Amnistías e indultos

Empieza a abrirse camino una voluntad mayoritaria de poner fin a la contienda del 'procés'. Lentamente comienza a haber menos actores que quieran seguir a la greña, y ello es positivo aunque novedoso. Se detecta un consenso implícito acerca de que uno de los principales problemas del contencioso es la judicialización de la política catalana, aunque existe una explícita desorientación sobre cómo intentar ponerle fin.

Unos proponen una actitud menos punitiva de la Fiscalía. Otros una reforma del delito de sedición en el Código Penal. Algunos argumentan que ayudaría una mutua asunción de culpas, tal vez por lo que tienen en común ambos bandos: haber dejado en mal lugar a las leyes, con una voluntad política u otra. Finalmente, hace ya tiempo que las palabras indulto y amnistía entraron en el debate político.

Una reforma del Código Penal del delito de sedición es una opción, pero las reformas legislativas duran tiempo, son algo farragosas y ofrecen decenas de oportunidades mediáticas para calentar el ambiente, lo que probablemente no convenga en un asunto tan delicado como el conflicto catalán.

De ahí que sean más bienvenidas otras actuaciones más rápidas, como las que podría protagonizar el ministerio fiscal retirando o atemperando relevantemente las acusaciones en los procesos pendientes, o no oponiéndose a una suavización del régimen penitenciario de los presos, que parece que no está soliviantando tantos ánimos como quizá se pudo pensar en un principio. Las citadas medidas, por su ajuste estricto al Derecho vigente y debidamente explicadas –ambas cosas son esenciales–, poseen un impacto popular mucho más reducido de lo que se cree. Pero esos beneficios penitenciarios son también lentos, más de lo que precisa la agilidad que en ciertos momentos necesita la política.

Es por ello por lo que se abre la opción de pensar en indultos y amnistías, que acaban definitivamente con las penas de prisión o con los procesos respectivamente. Los indultos son potestad del Gobierno, que los puede conceder solo de forma individualizada, como manda la Constitución. Son discutibles desde la perspectiva de la división de poderes, pero existen en la mayoría de países. En algunos, como en Suiza, no los concede el Gobierno –es lo habitual– sino el Parlamento, para darles mayor legitimación democrática.

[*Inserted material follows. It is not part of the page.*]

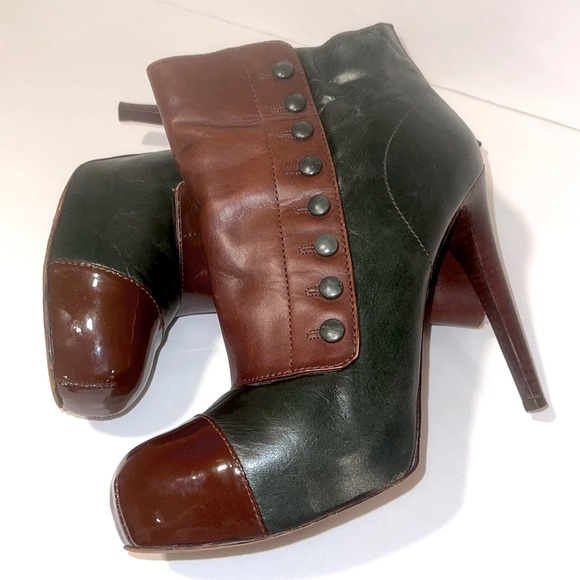 L. A. M. B. high heel ankle boots Size 8M In Excellent Condition - Picture 4 of 12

La amnistía está citada en la ley de enjuiciamiento criminal y hay precedentes de leyes de amnistía en España. Aunque todas esas leyes son anteriores a 1978, han sido tenidas por vigentes –y por tanto por constitucionales– después de esa fecha, aunque no sin reticencias y contratiempos. Algunas voces autorizadas, que no comparto, sugieren que son inconstitucionales. Suponen un olvido de los hechos, que ya no se juzgan. Es un borrón y cuenta nueva, habitualmente por razones políticas. Además, es un olvido que promueve el órgano que representa a la soberanía popular, el Parlamento, y no un Gobierno. Por ese motivo, la prohibición constitucional de que el Parlamento autorice “indultos generales” al poder ejecutivo, no puede limitar el poder del propio Parlamento de aprobar leyes de amnistía en los supuestos que considere oportuno, con los límites que marca la legalidad internacional, dado que no es posible amnistiar delitos de lesa humanidad.

Pero una ley de amnistía tiene el inconveniente de cualquier ley: la lentitud de su tramitación, que igual que antes indiqué, puede hacer subir la temperatura del ambiente político. Incluso no faltan voces que desde hace tiempo están construyendo ucronías, sugiriendo que la guerra civil no se hubiera producido de no haberse amnistiado a Companys y su Gobierno en 1936. Sin embargo, aleja cualquier parangón el solo hecho de considerar las circunstancias de entonces –una frágil y muy accidentada democracia de apenas cinco años, con constante ruido de sables–, y compararlas con las de ahora: una democracia consolidada de 42 años en un espacio innegablemente democrático como el de la Unión Europea. En este contexto actual, quizás lo que más inestabilidad ha provocado es precisamente no haber considerado hasta el momento medidas de gracia, sino casi exclusivamente el castigo. En todo caso, no fue precisamente la amnistía de Companys y su Gobierno la que provocó el golpe de Estado de 18 de julio de 1936.

Todas las medidas apuntadas tienen ventajas e inconvenientes. Pero convendría no romper el consenso en torno a lo principal: la enorme mayoría de la ciudadanía está deseando ya, de un modo u otro, pasar página.

Jordi Nieva-Fenoll, Catedrático de Derecho Procesal de la Universitat de Barcelona.